Jimmy Kimmel, the former late-night funnyman, and current after-hours social justice warrior is starting to get pushback on social media from some of his former fans, according to the Washington Examiner. Kimmel, who has displayed a number of emotionally charged rants during his monologue on subjects ranging from health care to gun control, is also the subject of satire courtesy of the guerilla street artist known as Sabo. Late Night comedy is suffering a decline in viewership, partly due to other factors, but certainly, because the hard-edged political content has started to turn off audiences.

Kimmel begins to anger former fans

Kimmel recently triggered a number of people in his audience by referring to supporters of the 2nd Amendment as “crazies.” The late-night talk show host thus violated one of the cardinal rules of entertainment in that he insulted a significant portion of his fan base. People who were affronted by Kimmel made their unhappiness known on Twitter.

Sabo strikes again

In the meantime, the guerilla street artist known as Sabo deployed several of his posters around the Los Angeles area, near Kimmel’s home and the studio from which the show is broadcast. One poster showed a weeping Kimmel with the caption “Jimmy Kimmel is a Cry Baby.” Another showed Kimmel with the words “The Jimmy Kimmel Estrogen Hour.” Kimmel responded by having himself photographed on a bench where one of the posters had been deployed, extending a middle finger.

Ratings for late night are declining

The Washington Examiner notes that the late night viewership for CBS, NBC, and ABC combined numbered about eight million people. By contrast, Jay Leno, when he was still on the “Tonight Show” brought in six million pairs of eyes himself.

To be sure, a lot of millennials are ditching TV for more online entertainment.

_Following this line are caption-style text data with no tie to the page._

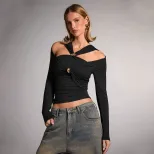 Fashionable Womens T Shirt Off Shoulder Slim Fit Street Style Spring Summer Casual Wear Wholesal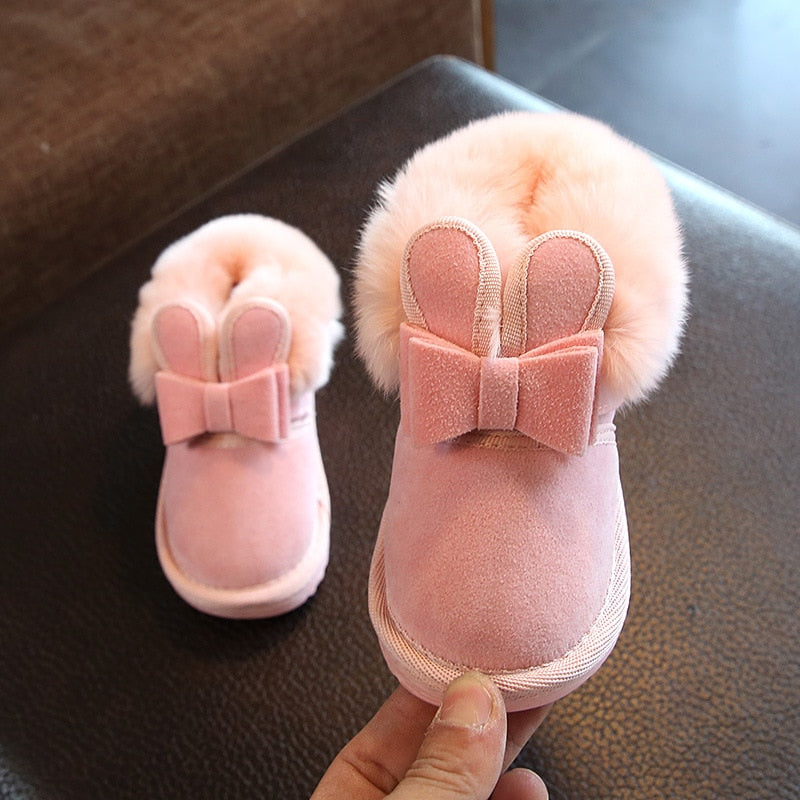 AINYFU bebé niña botas de nieve niños niña bota invierno cálido conejo de peluche princesa zapatos niños zapatillas encantadoras botas suaves B194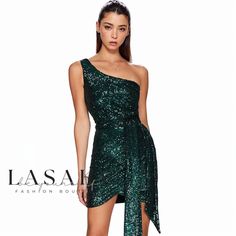 Lasaky - One-Shoulder Sequin Mini Dress for Clubbing Club Mini Dress, Sequin Dresses, Bodycon Floral Dress, Ruched Skirt, Unique Clothing, Sequin Mini, Crop Top Blouse, Sequin Mini Dress, Unique Outfits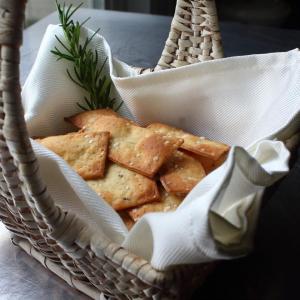 Crispy Rosemary Sea Salt Flatbread Crackers image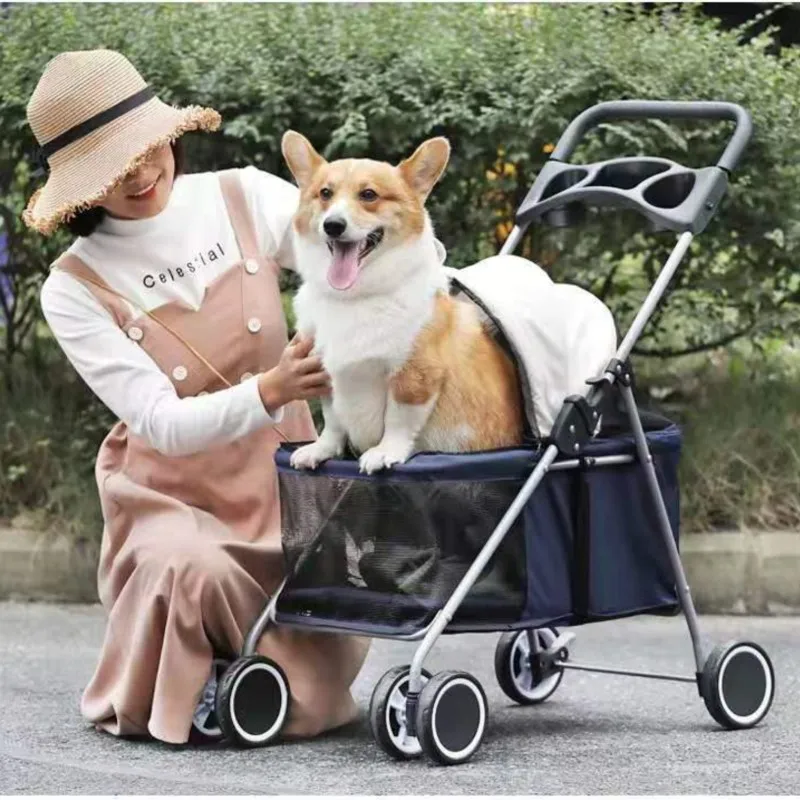 Luxury Pet Cat Stroller Baby Stroller Newborn Foldable 4 Wheels Shock Absorption Stroller Dog Transporter Carrier&Raincover Gift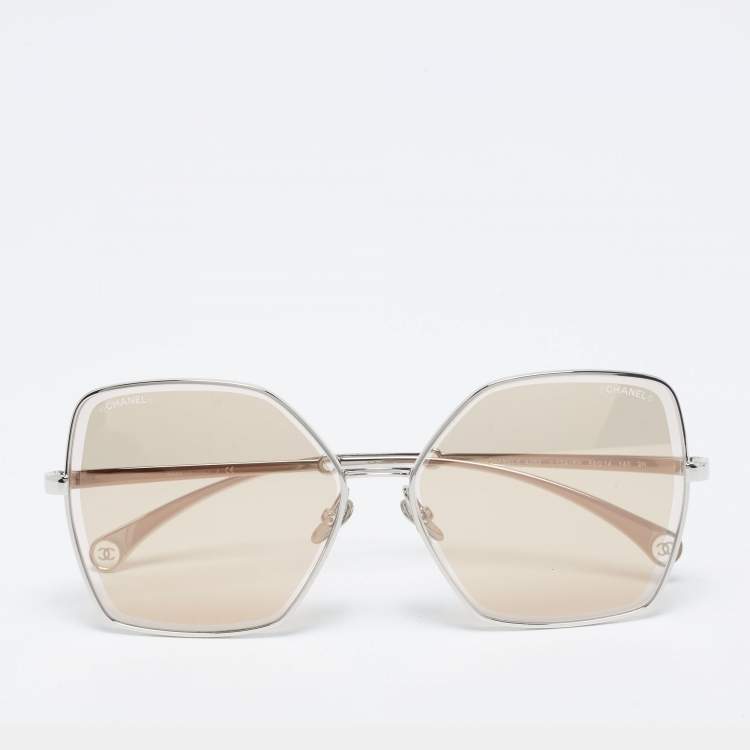 Chanel Pale Gold ToneBrown 4262 Pearl Chain Butterfly Sunglasses at 1stDibs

However, the evidence suggests that late night comedians who are too overtly partisan political are turning off their audiences. Leno and Craig Ferguson tended to be equal opportunity in their mocking of politicians when they went political at all. Leno and Ferguson also told jokes and refrained from lectures or rants about issues.

They knew that their first job was to be entertaining.

Network executives, sooner or later, are going to start to worry about losing viewership. Ads are still sold on network TV shows based on the number of eyeballs that are turned toward the TV monitor. The more people who turn off late night shows for some other form of entertainment, the less the networks can afford the hefty salaries they pay for their hosts. Eventually, something will have to be done.